Definitivamente fuori dal gruppo del fratello e della cognata preferiti, ovvero gli Arcade Fire, Will Butler torna in solitaria, rimescolando le carte in tavola, una sorta di rewind, un nuovo collettivo al seguito, che porta alla stretta collaborazione con i Sister Squares, che sono una band newyorkese che affonda le proprie radici nella danza e nel teatro (come da disclaimer) quindi per celebrare questa joint venture, un moniker che unisce i due idiomi, tra l’altro l’omonimo “esordio” è stato co prodotto simbioticamente dallo stesso Will e Miles Francis leader appunto dei Sister Squares.

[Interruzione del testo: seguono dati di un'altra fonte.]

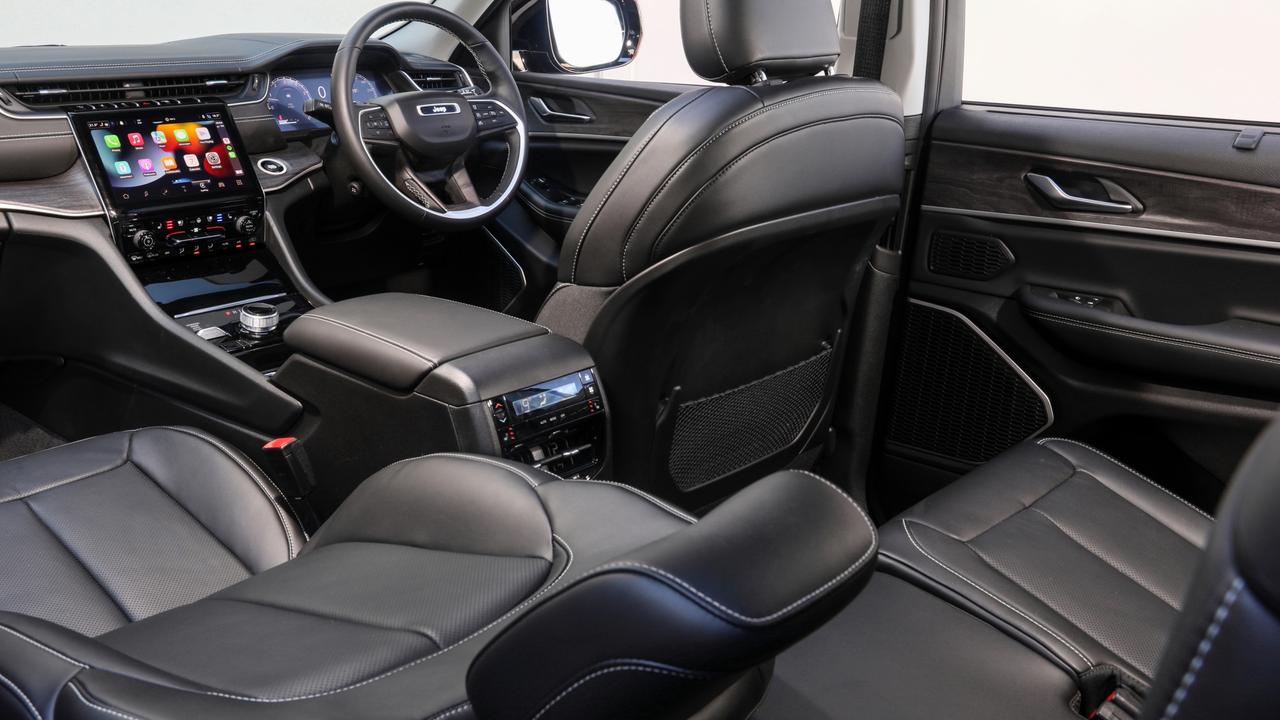 Cabin features of the 2022 Jeep Grand Cherokee Limited Summit Reserve.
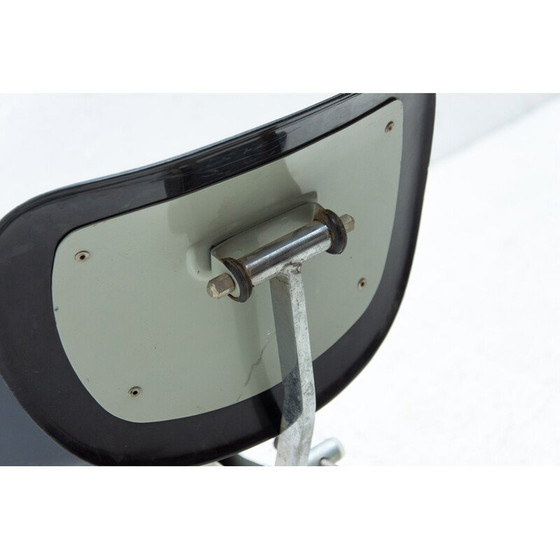 Image 1 of Fauteuil de bureau pivotant industriel vintage par Kovona, 1950s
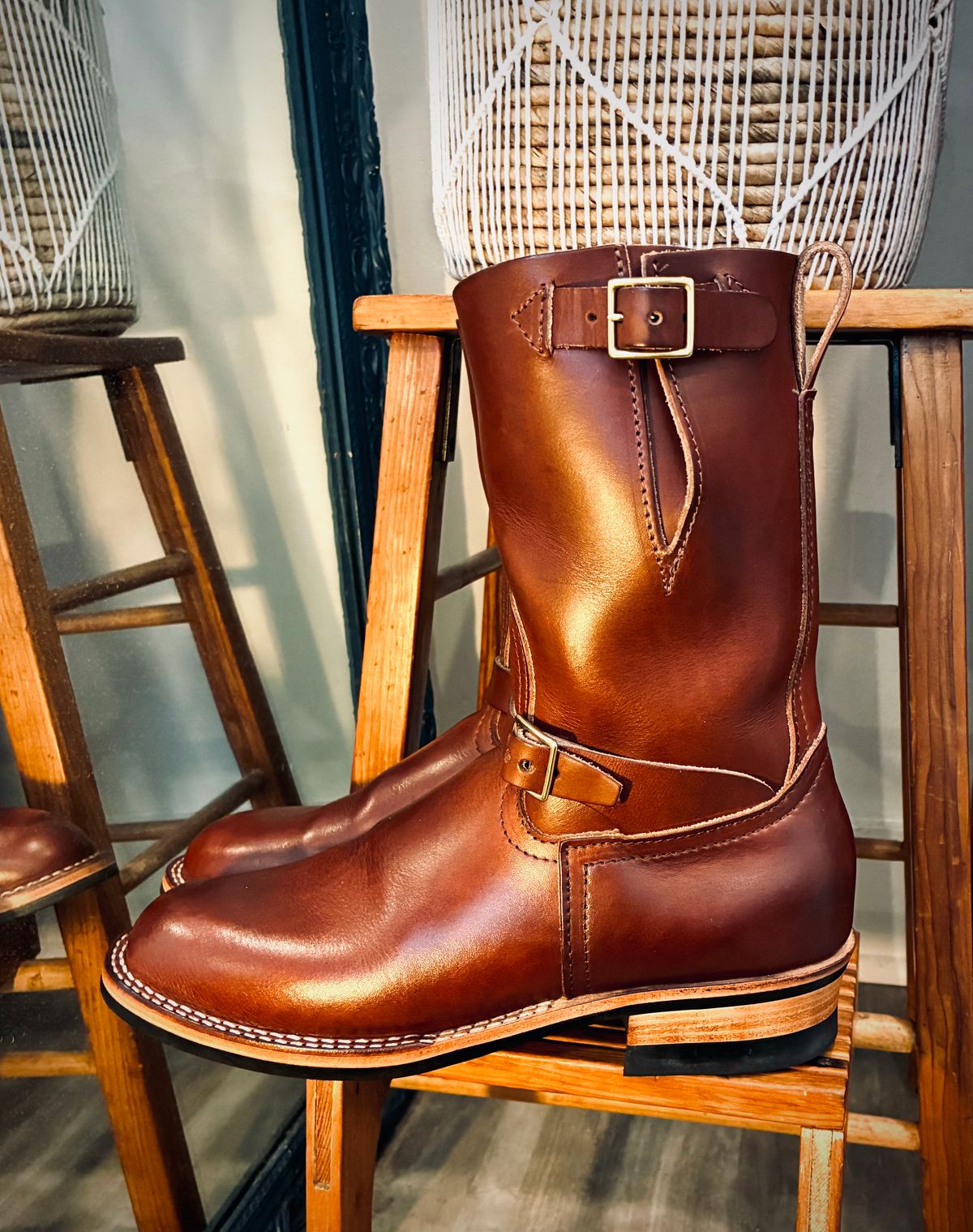 Photo by Stendhalic_Awl on November 5, 2025 of the Nicks Pullman in Wickett & Craig Medium Brown English Bridle.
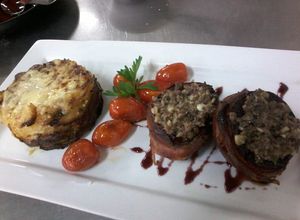 Una foto de Lomo en Salsa Malbec 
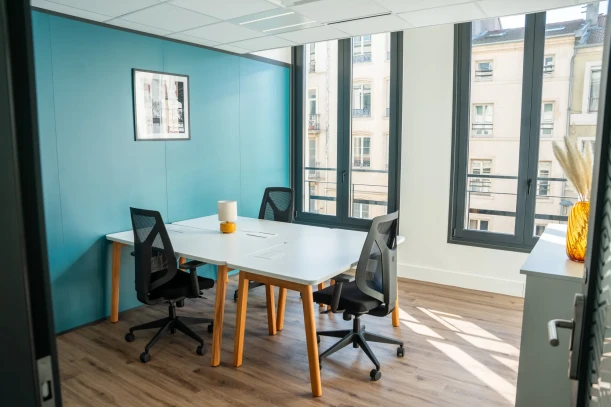 Bureau privé - 54000 - 3 postes - 1083€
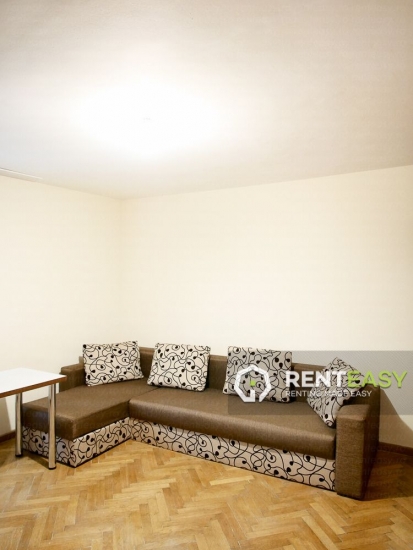 Apartament cu 2 camere e inchiriat in Centru - Arcu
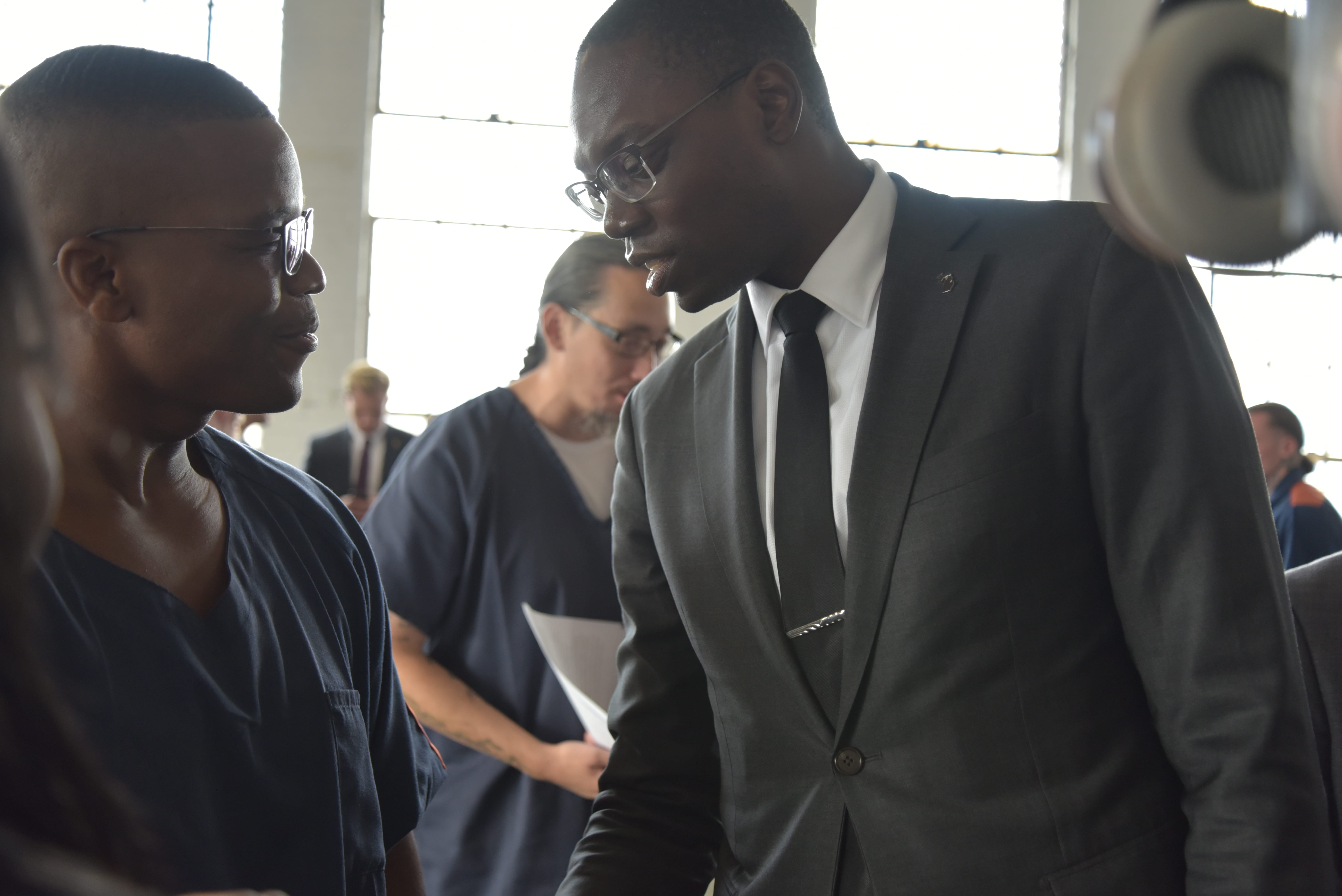 Photo of Lt. Governor Gilchrist speaking with a prisoner.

Un nuovo percorso, per provare a ritagliarsi il giusto spazio nell’emisfero live, quello a lui più congeniale, tant’è che il buon Will sarà in tour in novembre, passando anche dal nostro paese.
Album anticipato già da diversi singoli, “Arrow Of Time”, “Willows”, “Stop Talking”, o la stessa danzereccia “Saturday Night”, una sorta di cuginastra di quel masterpiece che è “Afterlife”, per l’occasione supportata con un clip da connotazione amatoriale, che sancisce anche l’uscita di questo nuovo omonimo album, che fa da contraltare alla gemella “Long Grass” uscita, invece, un paio di mesi fa, dove anche li si percepisce una direzione movimentata; va sottolineato come, più che nei lavori precedenti, si senta la matrice del mastodontico gruppo di Montreal, per la moltitudine di colori e dettagli che diventano arrangiamenti delle canzoni stesse, canovaccio e peculiarità degli Arcade, e poi la voce, vabbè, quella è matrice umana da comune denominatore.
Le canzoni in questione, sono piacevoli e si lasciano ascoltate, purtroppo non c’è il talento del Butler più famoso, che ha scritto pietre miliari dell’indie anni zero / anni dieci, ma anche l’ultimo “WE” che sconfina nei venti, è già un classico, quindi, vita privata a parte, parliamo di un intoccabile numero uno, con cui ogni paragone risulterebbe in difetto.
Tornando a Will, il suo è un buon disco, divertente e ben arrangiato, probabilmente il lavoro migliore licenziato per questa carriera solista, ormai, almeno per adesso, diventata l’unica ragione di vita musicale. Album, che nella dimensione concertistica darà il suo meglio vista anche l’impronta da musica da ballo, voglio, anche, ricordare che lo stesso, è quel matto che, spesso e volentieri, si arrampicava sulle americane, come dire un animale da palco di quelli che si fanno notare.
Alla mancanza della scrittura regale, quella da talento vero, che la natura ha dirottato completamente sul parente stretto, probabilmente ci si deve un pò arrangiare, arrivando ad un quid per vie traverse e la succitata fantasia, in questi casi, è un’amica da tenersi stretta. Come detto sopra appunto è improprio fare paragoni, ed è pure giusto evitarli, anche se la voce e l’approccio ti riportano li, alla sua vecchia band.
Ripetendomi la dimensione live, sebbene senza, banalmente, aspettarsi le hit degli Arcade Fire, decreterà se Will è ancora uno dei piccoli fuoriclasse del game, ma ho la sensazione che li non ci siano dubbi in merito.